Die St.-Anna-Kirche in Augsburg ist ein historisches Kirchengebäude, das von Karmelitenmönchen im Jahr 1321 erbaut wurde.

Bau[Bearbeiten]

Etwas abseits vom Augsburger Dom und der Basilika St. Ulrich und Afra, den beiden bedeutendsten Kirchenbauten der Stadt, errichteten im 14. Jahrhundert Mönche an der heutigen Fußgängerzone Annastraße das Karmelitenkloster Augsburg mit zugehöriger Kirche. Im 15. Jahrhundert wurde die Kirche durch den Anbau einer Kapelle mit Wandmalereien erweitert. Im 16. Jahrhundert wurde das Gotteshaus nochmals umgestaltet und erhielt sehenswerte Gemälde, unter anderem von Lucas Cranach, Jörg Breu und Heinrich Eichler. Die Familie Fugger ließ sich eine Grabkapelle im Stil der Renaissance, den ersten deutschen Bau in dieser Stilrichtung, in der St.-Anna-Kirche errichten.

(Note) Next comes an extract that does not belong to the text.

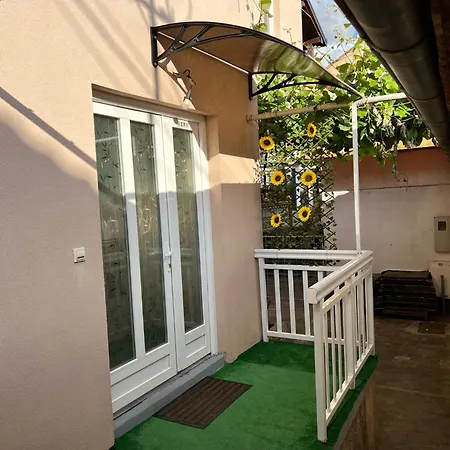 بيت للعطل House Dea موستار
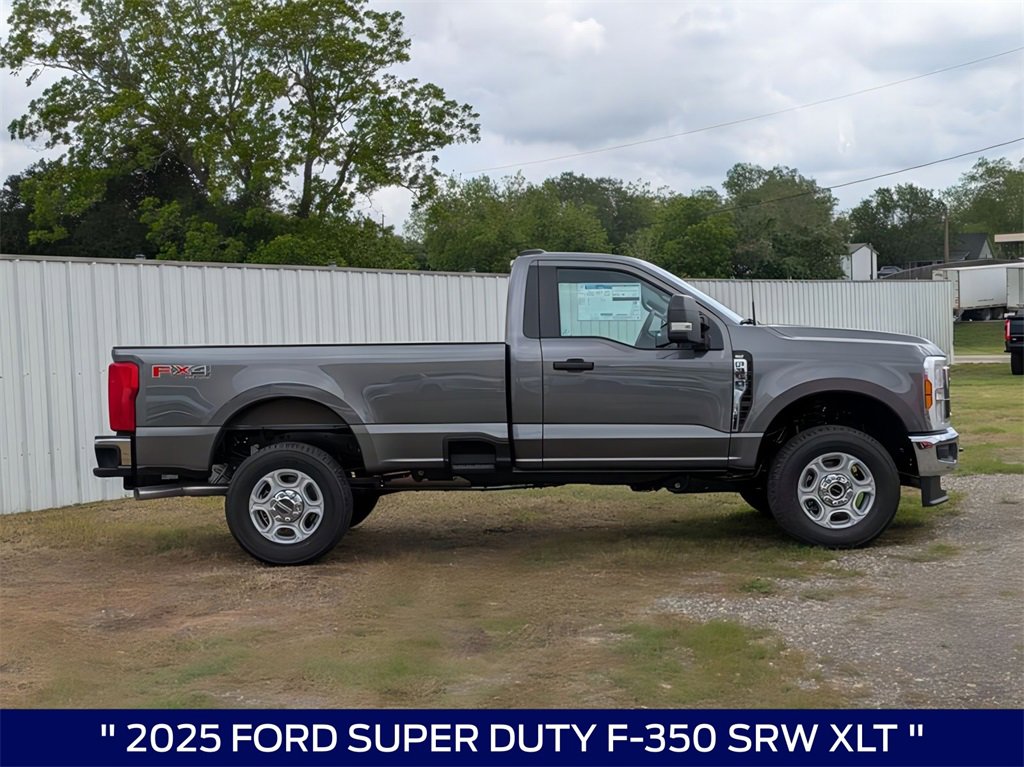 New 2025 Ford F350 XLT w/ FX4 Off-Road Package image 5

1531 wurde in den Räumen des aufgelassenen Klosters das Gymnasium bei St. Anna gegründet, baulich 1613 ergänzt um ein von Elias Holl neu erbautes Schulhaus und eine Bibliothek. In der Reformationszeit wurde die St.-Anna-Kirche als eine der ersten Kirchen in Augsburg evangelisch. Im Jahr 1607 erbaute der bekannte Augsburger Stadtbaumeister Elias Holl den Kirchturm. 1747–1748 wurden das Mittel- und die Seitenschiffe barock ausgestaltet.

Fuggerkapelle[Bearbeiten]

Die Fuggerkapelle, 2007

Jakob Fugger stiftete im Jahr 1509 gemeinsam mit seinem Bruder Ulrich Fugger und auch im Namen des 1506 verstorbenen Bruders Georg Fugger eine Gedächtnis- und Grablege-Kapelle, die Fuggerkapelle in St. Anna. Sie bildet den erhöhten westlichen Abschluss des verlängerten Mittelschiffs der Kirche.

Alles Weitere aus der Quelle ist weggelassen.